Sometimes I feel deep, aching regret at having missed out on one of the most fulfilling experiences a human can have.  Most of the time I can accept what is.  But the worst, the very worst, is when other people don’t understand.  And they hardly ever do.

I present such a tidy exterior to the world that most people can’t believe that I’m really walking that close to the border of a breakdown.  They can’t or don’t want to see that the edge of the cliff isn’t that far off, and it wouldn’t take too much of a push to send me over.  I know where the edge is, because I’ve found myself over it, clinging on by my fingernails, too many times.  No matter how much time it’s been since my last fall, I musn’t confuse chronological distance with any kind of actual progress away from the edge.  That’s how I end up pushing myself to far, and ooop!  I’m under a blanket crying through a whole box of tissues again.

When I try to explain that I couldn’t be the kind of mother I’d want to be, and the person I’m speaking to says “Oh sure you could!”, it hurts.  It hurts so much I get a lump in my throat and the bottom of my stomach falls out.  Because what they’ve just said in a nutshell, without even thinking it through is a) they have no idea who I really am inside, and b) they think I’m exaggerating my mental condition and generally copping out.  There’s usually a certain amount of condescending reassurance to their tone, as if to say “You poor dear, you’re just afraid to grow up and take that responsibility.  You’ll be ready one day.”

It doesn’t help that I look at least ten years younger than my actual age.  People feel very comfortable giving that message to someone they see as just a girl, who might not even be out of college yet.

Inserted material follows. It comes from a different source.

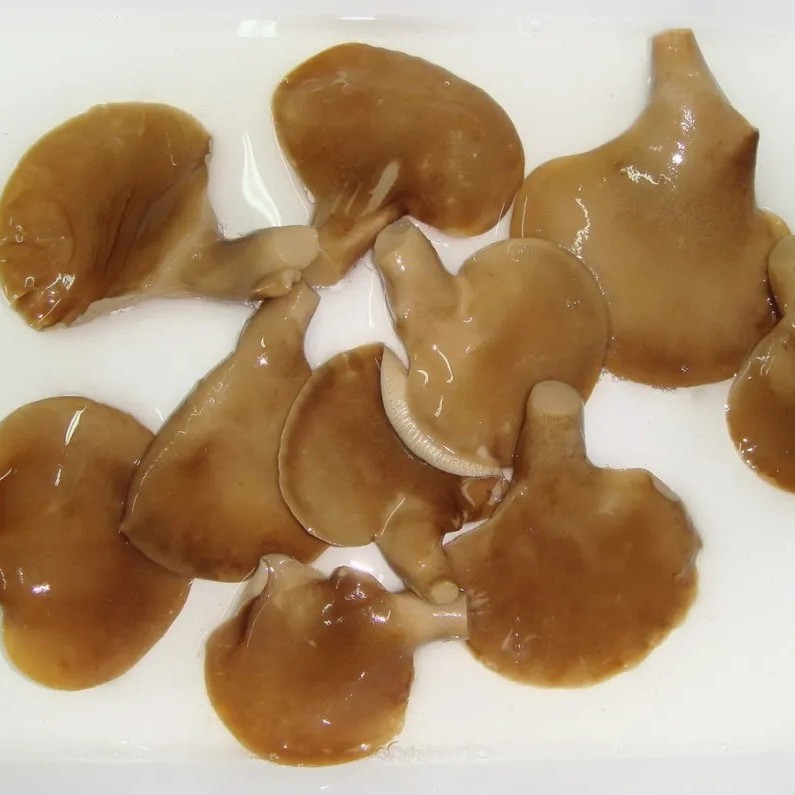 Abalone Mushroom in Glass Jar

Even if I didn’t have a biological clock ticking, I don’t think there’s enough time in the world to make me “ready” to have a child.  My way of taking responsibility is living within my limitations and not re-creating the nightmare of my own childhood for another generation.

Self Diagnosed

August 28th, 2009

I used to long for a diagnosis.  Something snappy from the DSM-IV would have done nicely.  I wanted an impressive-sounding label to stick on the mess that bubbled constantly inside my head and my guts.  If I had an official Mental Disorder, it would mean that people would have to take me seriously.  Maybe it would mean that I could get some help.

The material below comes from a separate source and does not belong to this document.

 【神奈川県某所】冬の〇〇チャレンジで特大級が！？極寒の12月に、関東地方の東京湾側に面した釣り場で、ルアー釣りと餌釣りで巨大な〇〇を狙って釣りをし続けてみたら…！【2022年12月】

Sometimes I felt that I wasn’t being taken seriously enough.  Other times I accepted what others said.  “She’s throwing a tantrum.  Just ignore her.”  “Oh, she’s crying again?  Never mind, she’ll be fine.”  It was easy for them to minimize what they saw, because they were too busy, or too self-absorbed, or too contemptuous to stop and evaluate how much I was actually suffering.

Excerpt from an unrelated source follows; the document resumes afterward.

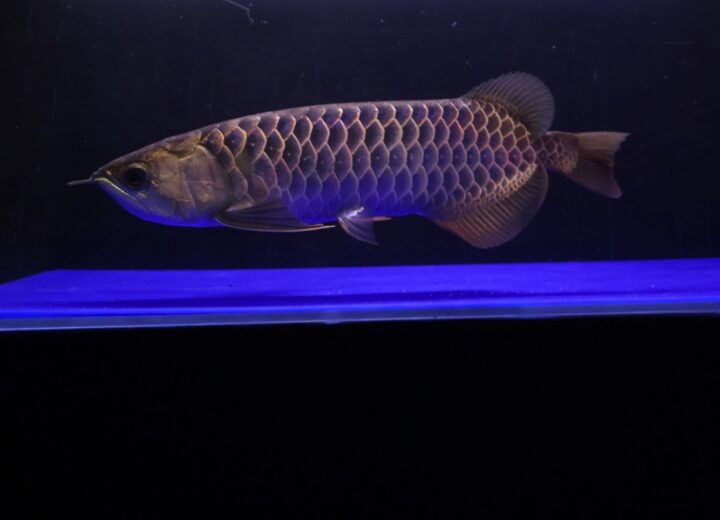 大阪でアロワナ・大型魚・高級魚の販売・買取なら株式会社キングコング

I started cutting myself.  No one noticed.  I went to my doctor to discuss my mental health.  He had misplaced his Suicide Risk Checklist.  He looked through his files for 2 minutes trying to find it, and then decided it would be good enough to ask me whatever questions he remembered.  He forgot to ask if I had looked into killing myself.  I had, in fact, visited a website that provided techniques for suicide.  But he never asked, and I wasn’t able to summon my voice to volunteer the information.

I did ask him to prescribe me an anti-depressant.  I needed something, anything, to get me through my days.  Every hour, sometimes every minute, was excruciating.

The doctor told me he thought it was “just psychological”.  He wanted to refer me to see a psychologist for counseling, who happened to be his sister.  He said it might be Post Traumatic Stress Disorder because my difficult childhood.  Finally, with reservations, he did write me a prescription for Zoloft.

I took it straight to a bookstore, found a book on the medical effects that are possible when people come off anti-depressants, and became too scared to fill the prescription.  I went back to toughing it out on my own.  I’m aware that I’m lucky to have that choice.

In the end, I diagnosed myself.  Moderate Depression, and Obsessive Compulsive Disorder.  And after years of dealing with my moods I’ve learned how to keep myself on an even keel, most of the time.  It means I live a life that is relatively very limited, but within those safe boundaries I have found a way to be me that works.